UCLA women’s basketball’s defense is rooted in passion plays – Daily News

LOS ANGELES — “Passion Player of the Week” is a recognition with a lot of weight to it around the UCLA women’s basketball team.

One player is selected for their efforts on passion plays – impactful moments that don’t necessarily appear on the stat sheet – and is bestowed a blue boxing-style championship belt.

“It gives us another thing to work for, another thing to compete for,” sophomore Gabriela Jaquez said. “We make it a lot of fun because we watch some videos before every game of the previous game and getting the belt is just fun and funny. Something to get excited for.”

The No. 12 Bruins will put their passion to the test, especially on defense, on Thursday night at Pauley Pavilion in a rematch with No. 18 Utah, which is the seventh-ranked team in the country when it comes to scoring margin.

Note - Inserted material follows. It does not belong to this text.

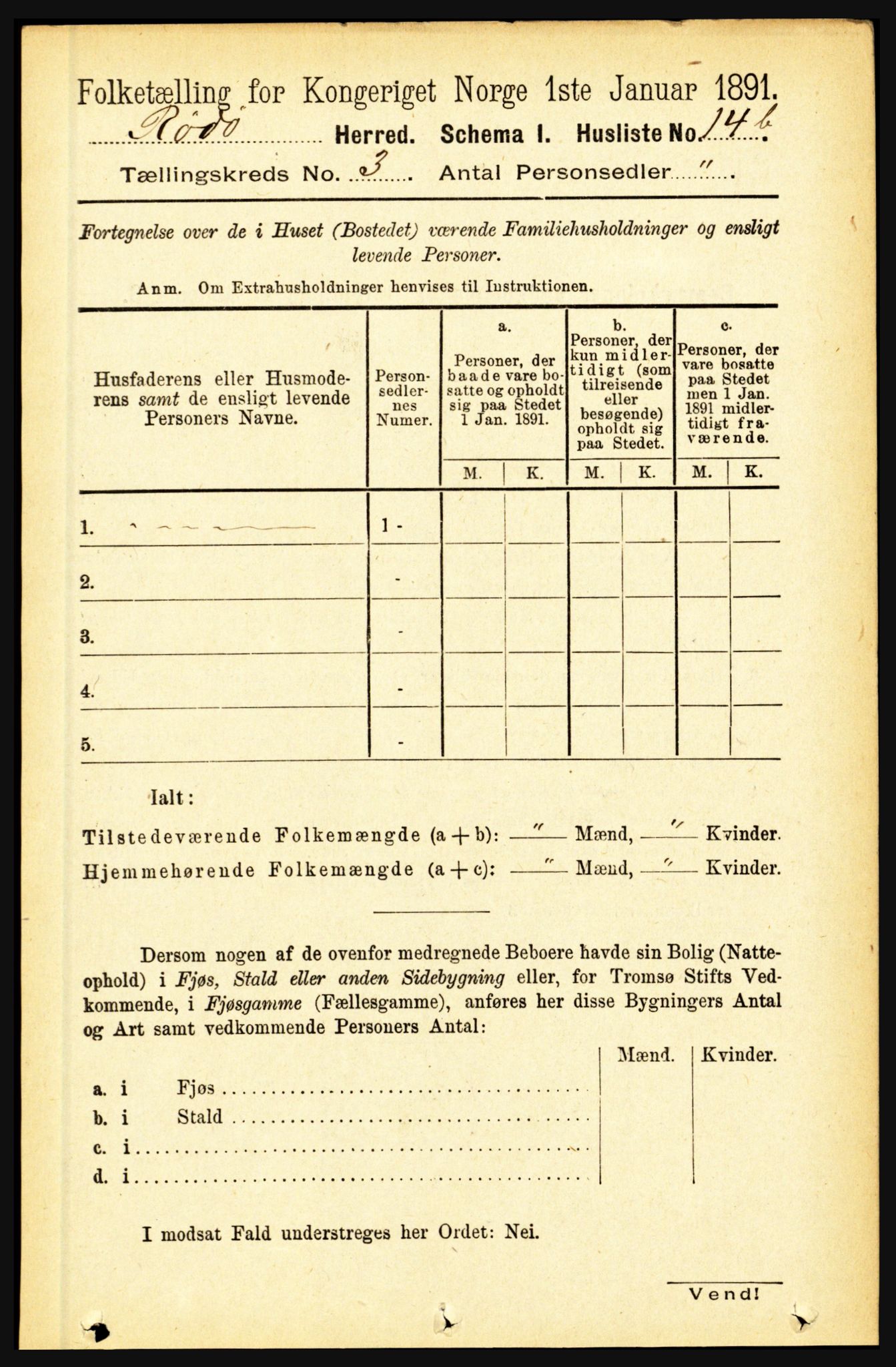 RA, 1891 census for 1836 Rødøy, 1891, p. 752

The Utes (19-7 overall, 9-5 in Pac-12 play) are outscoring opponents by an average of 20.9 points this season while averaging 81.3 points per game.

There are seven ways UCLA (20-5, 9-5) measures passion plays and four of them are defensive: deflections, charges, out-of-area rebounds and assist box-outs. The Bruins have other ways of categorizing defense, too. A kill, for example, is when they get three stops in a row.

“We have live recordings of our load and how intense we’re playing,” UCLA coach Cori Close said. “We’ve been sort of shifting and a lot of that has to do with how hard we’re playing on defense. We also chart defensive rebound percentage. We want to get 75% of the defensive misses of the other team.”

Junior Alissa Pili leads Utah with 21.6 points per game, although UCLA was able to hold her to 16 in a 94-81 overtime loss in January. The Bruins are focused on her, but they also seek to limit the Utes’ 3-point shooting after they made 13 of 28 (46.4%) from long range in their last meeting.

“We have to do a better job of forcing them to take hard twos,” Close said. “It’s been very well documented that they are really only hunting for layups and threes. Technically, they’ve taken 16 (mid-range shots) only in the entire Pac-12 season.”

The Bruins’ recent loss to Oregon State was a harsh lesson in sticking to a defensive game plan as well as limiting opponents behind the arc. The Beavers made 57.9% of their 3-point attempts, including the game-winning shot at the buzzer.

“That was one of my top 10, in my 31-year career, most painful losses,” Close said. “We just lost track of some personnel things. We weren’t decisive enough, we didn’t communicate enough, we had 21 miscues.”

The team reviewed all 21 of those miscues on film in preparation for Utah, engraining some important reminders in players’ minds.

“If we’re guarding a shooter be aware of that and be aware that they’re trying to get their shot off,” Jaquez said. “Or if someone’s driving to the basket, we don’t need to help. Scouting report defense. And again, just the importance of limiting threes.”

Thursday’s game could also be a pivotal moment in the Pac-12 standings. Stanford sits on top with a 12-2 record, but Oregon State, USC and Colorado are right behind the Cardinal at 10-4.

UCLA and Utah are tied at 9-5 with four games remaining until the Pac-12 tournament. The Pac-12’s top seven teams are also nationally ranked.